Esta imagem em cores falsas mostra a rocha "Escher" situada na encosta sudoeste da cratera Endurance. Não se sabe como surgiram as falhas que atravessam a rocha, mas uma possibilidade é que tenham sido provocadas pela acção de água. O rover gastou 14 dias marcianos a investigar esta rocha (principalmente o alvo chamado "Kirchner"), e outras rochas semelhantes com os seus instrumentos científicos. A imagem foi tirada a 24 de Agosto pela câmara panorâmica do robô. (NASA/JPL/Cornell)



Esta imagem em cores reais mostra a rocha "Wopmay" dentro da cratera Endurance. Tal como "Escher" e outras rochas que polvilham o fundo desta cratera, "Wopmay” apresenta fracturas na sua superfície que podem estar relacionadas com processos aquosos ou não. (NASA/JPL/Cornell)
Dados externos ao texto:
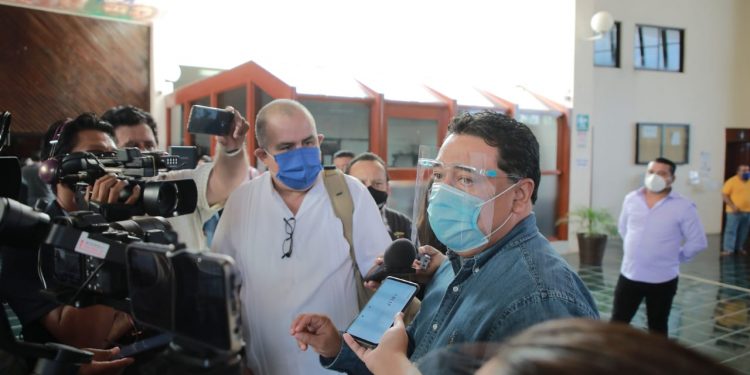 INSCRIPCIÓN A ESCUELAS NO DEBE CONDICIONARSE A PAGO DE CUOTAS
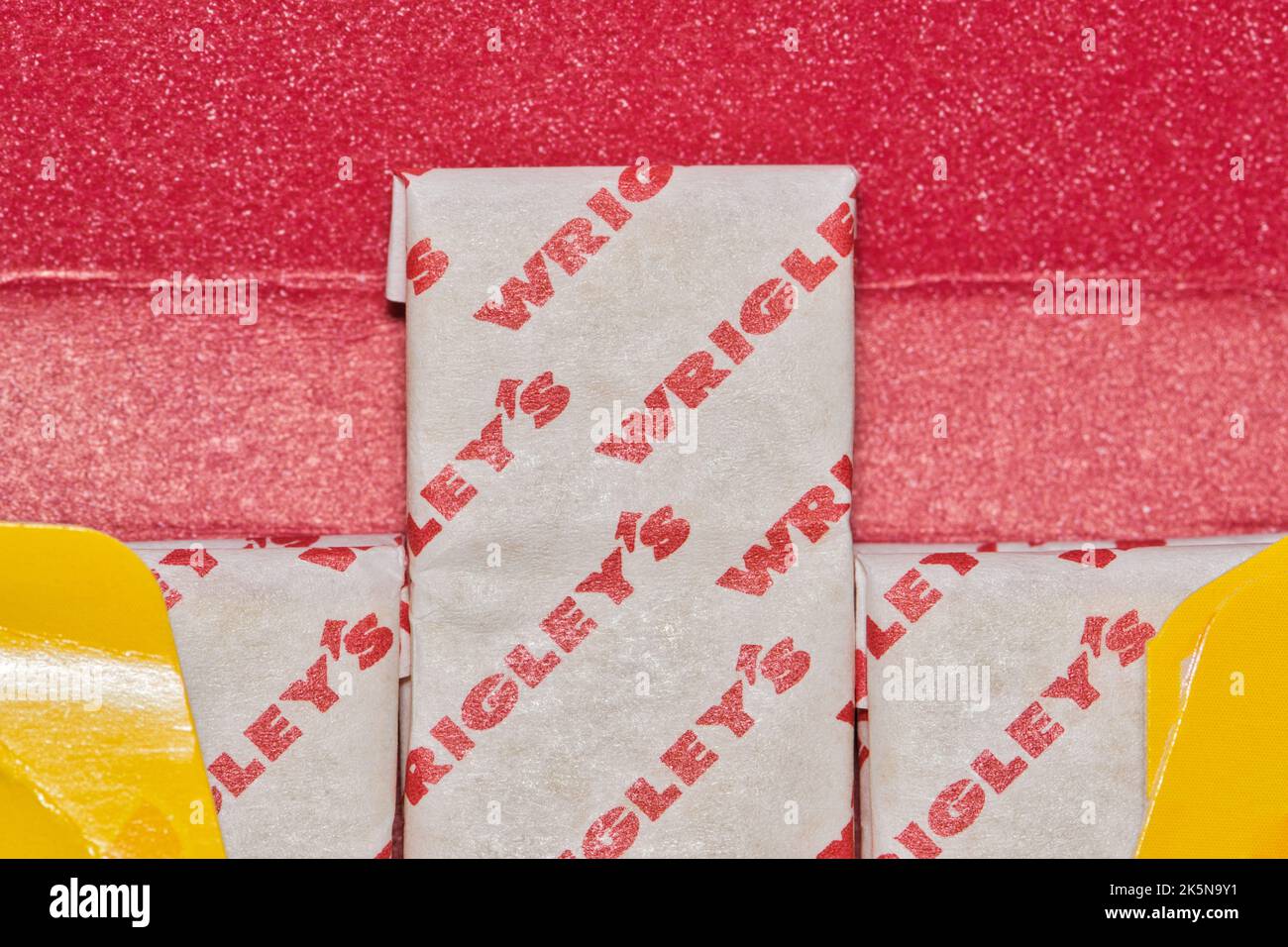 Houston, Texas USA 05-29-2022: Wrigleys Kaugummipaket-Makro zeigt eingewickelte Sticks und Firmennamen. US-amerikanisches multinationales Unternehmen. Stockfoto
Novos indícios da presença de água foram, entretanto, encontrados numa rocha chamada “Escher" e noutras vizinhas desta perto do fundo da cratera. Estas rochas em forma de prato estão cheias de falhas como se fosse lama rachada. Não se sabe a origem destas falhas, mas suspeita-se que possam ter sido feitas por água, embora não seja o único processo possível neste tipo de formações. Há também indícios de alteração química na superfície de “Escher”, o que também pode estar relacionado com a presença de água. O rover tem continuado as suas análises, mas já está a preparar-se para deixar a cratera em busca de novas aventuras.